**EXERCISE OBJECTIVE**
Look below for the line with "Vintage 18k Yellow"; begin the copy there and stop after the line with "Cream 2025 embroidered dress", keeping the text exact and the pictures out.

**SUPPLIED DATA**
....

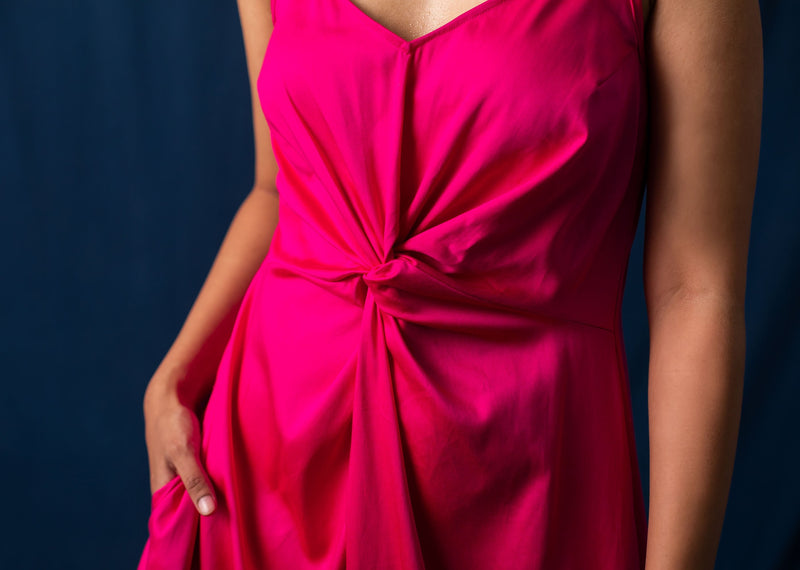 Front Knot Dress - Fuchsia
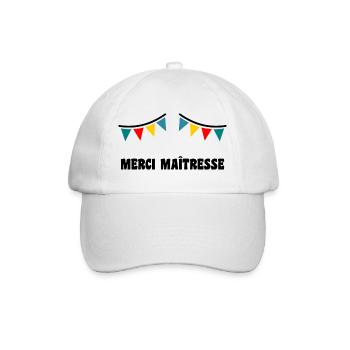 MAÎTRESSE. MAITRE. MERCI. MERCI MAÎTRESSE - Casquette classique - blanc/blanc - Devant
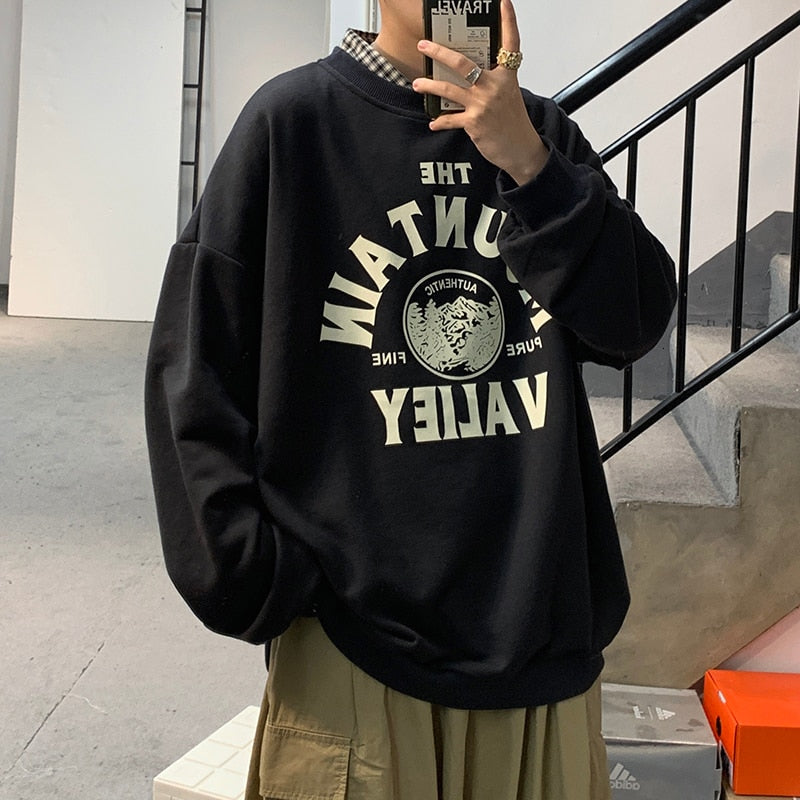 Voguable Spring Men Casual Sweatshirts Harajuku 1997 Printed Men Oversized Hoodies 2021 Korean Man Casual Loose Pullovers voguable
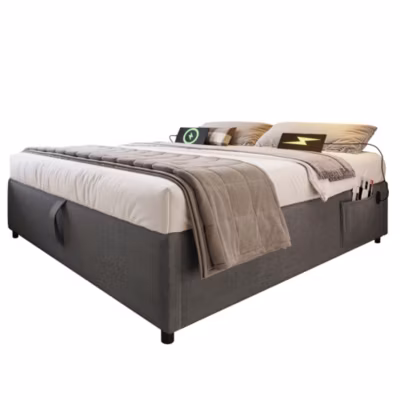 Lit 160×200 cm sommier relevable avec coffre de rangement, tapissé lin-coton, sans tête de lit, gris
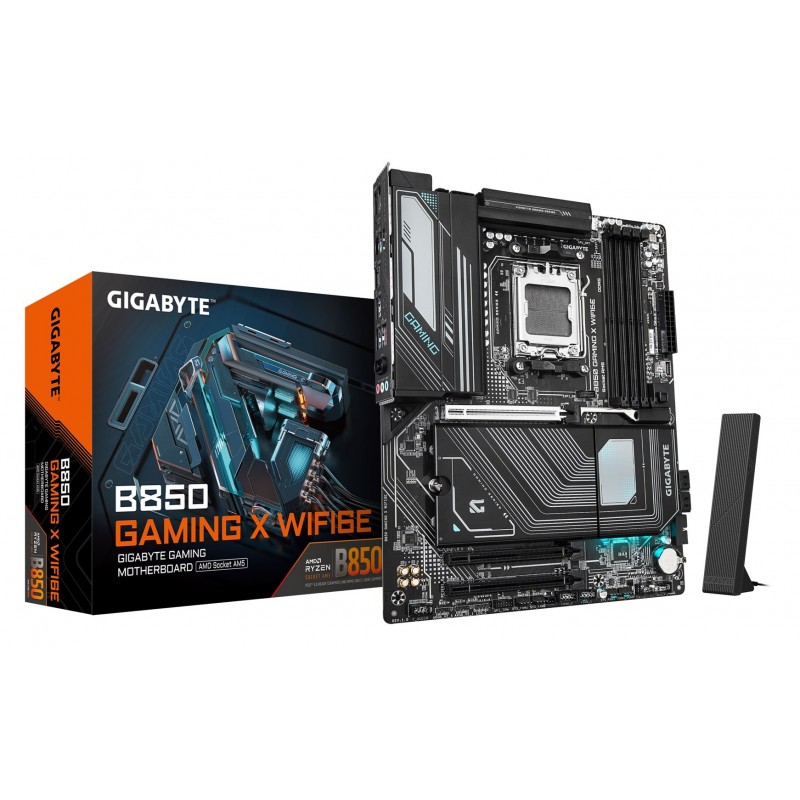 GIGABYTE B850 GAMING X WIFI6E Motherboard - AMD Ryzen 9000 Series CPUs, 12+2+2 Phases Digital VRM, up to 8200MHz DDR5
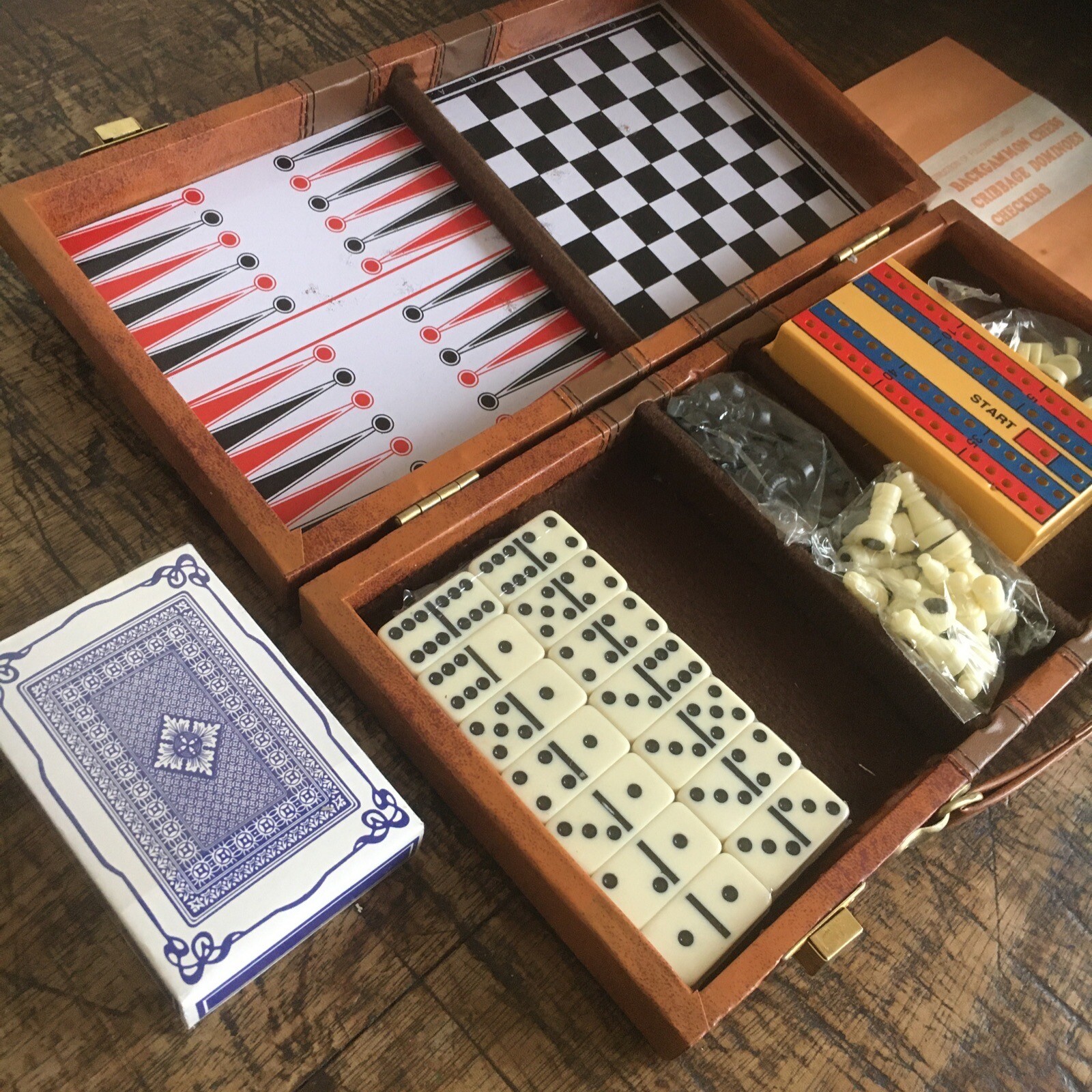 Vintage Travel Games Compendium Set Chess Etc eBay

....

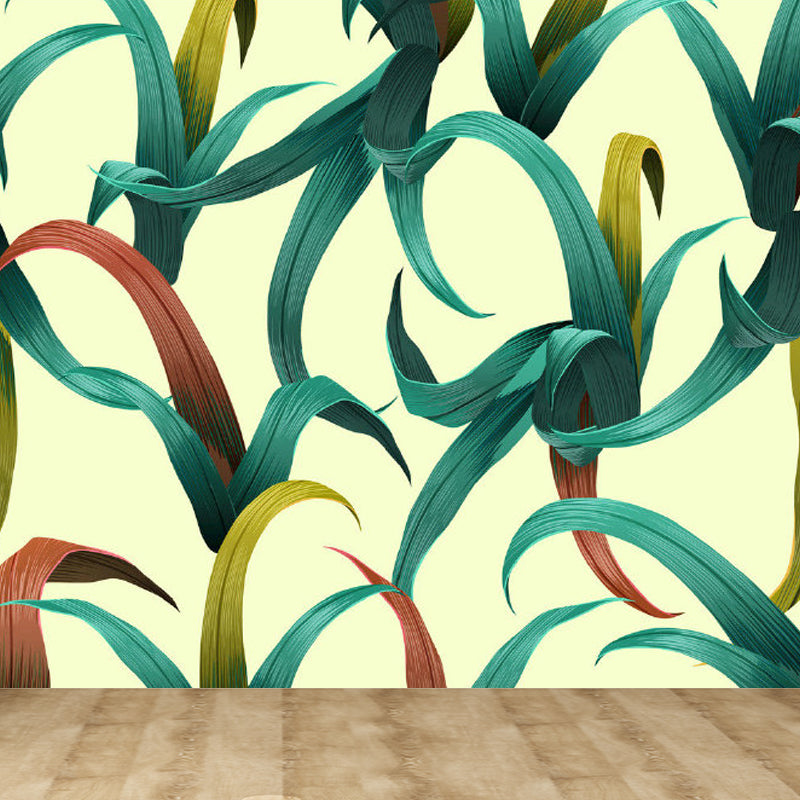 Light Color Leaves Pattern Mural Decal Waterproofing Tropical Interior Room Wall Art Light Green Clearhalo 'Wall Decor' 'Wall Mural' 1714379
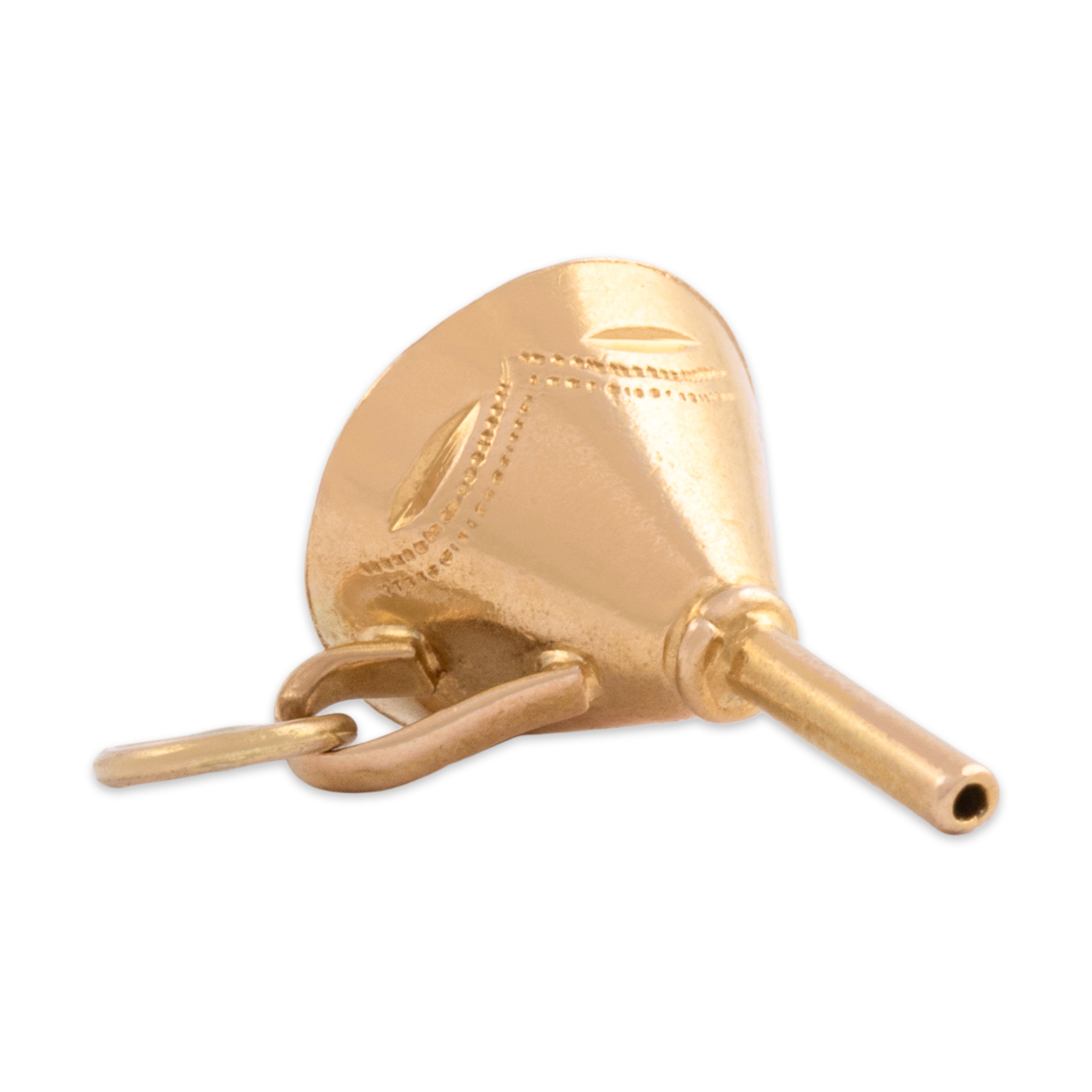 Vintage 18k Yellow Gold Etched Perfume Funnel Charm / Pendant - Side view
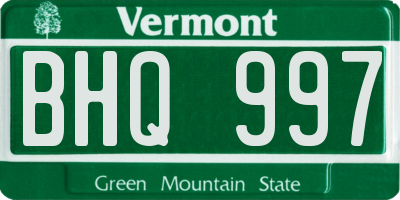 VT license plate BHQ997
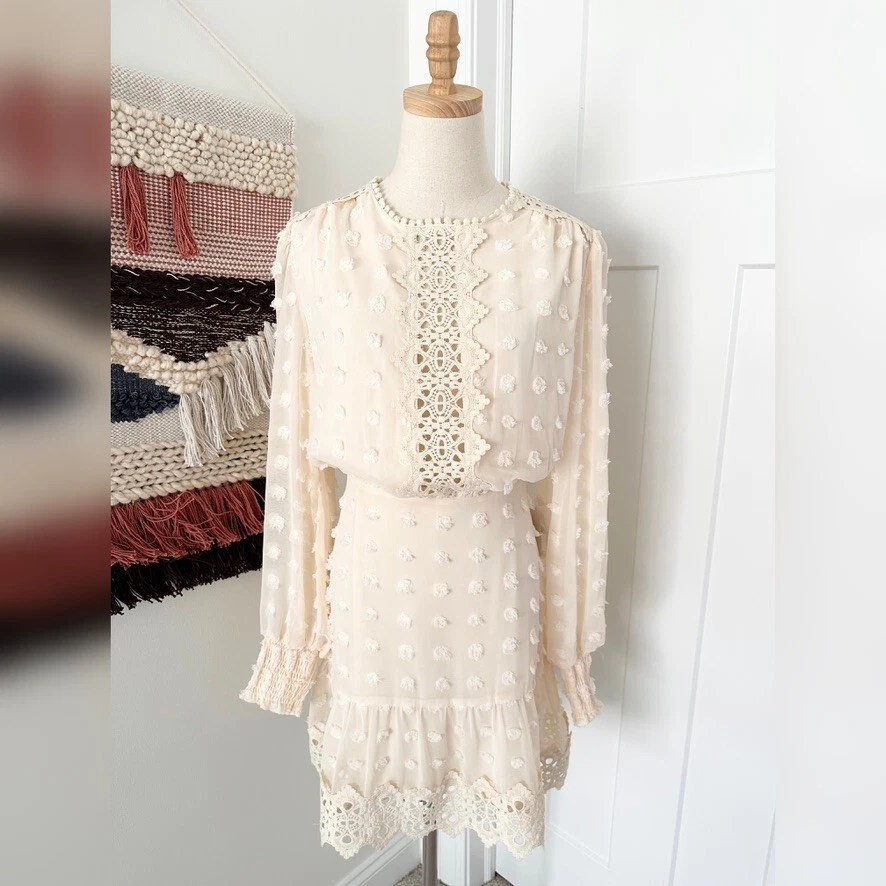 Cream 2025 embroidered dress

....

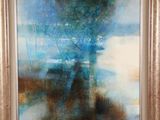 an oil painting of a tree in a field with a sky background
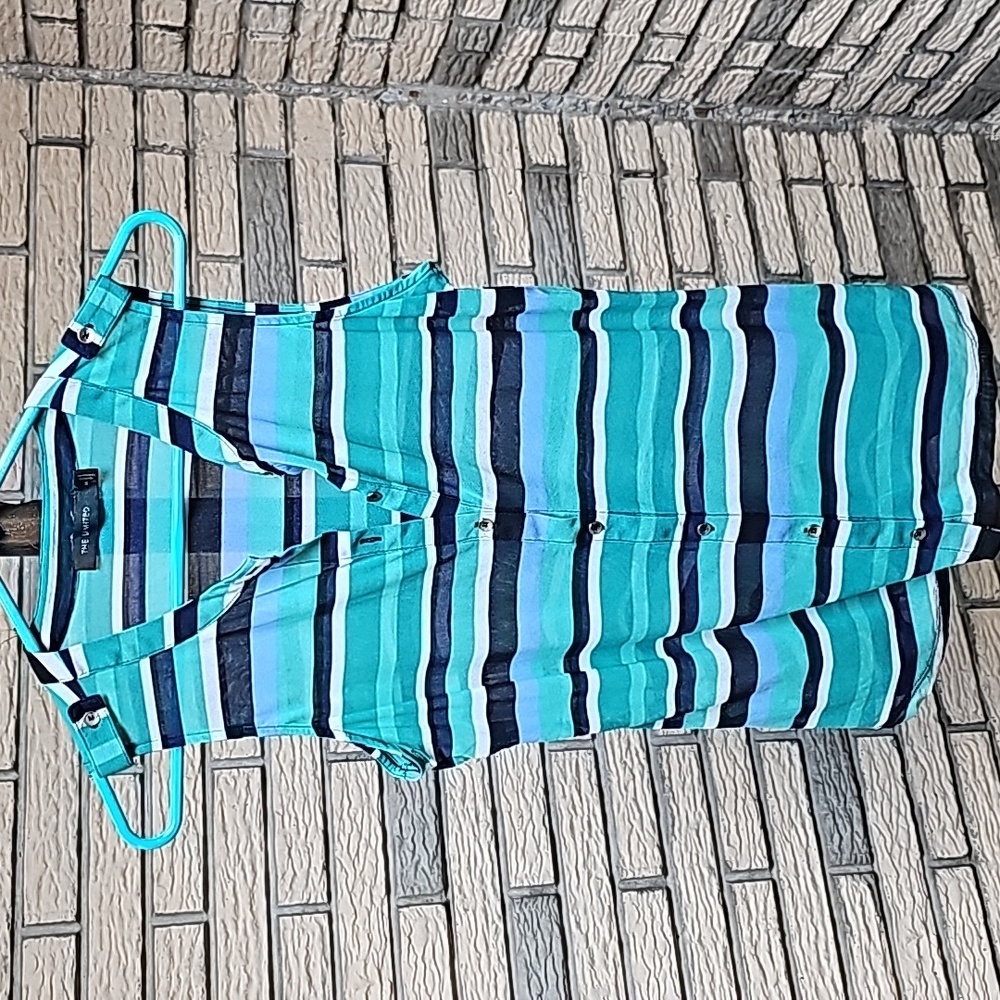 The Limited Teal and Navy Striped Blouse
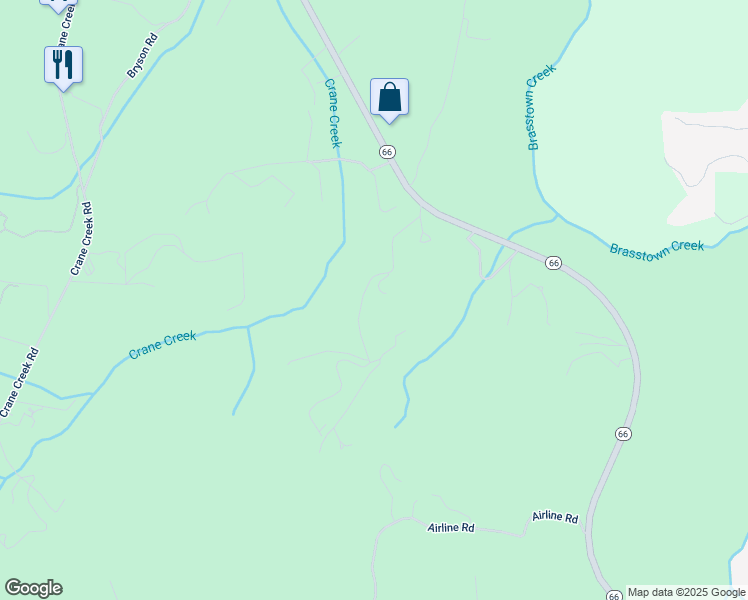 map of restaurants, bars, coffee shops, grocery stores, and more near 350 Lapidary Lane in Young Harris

....

**RESPONSE AREA**
 Vintage 18k Yellow Gold Etched Perfume Funnel Charm / Pendant - Side view
 VT license plate BHQ997
 Cream 2025 embroidered dress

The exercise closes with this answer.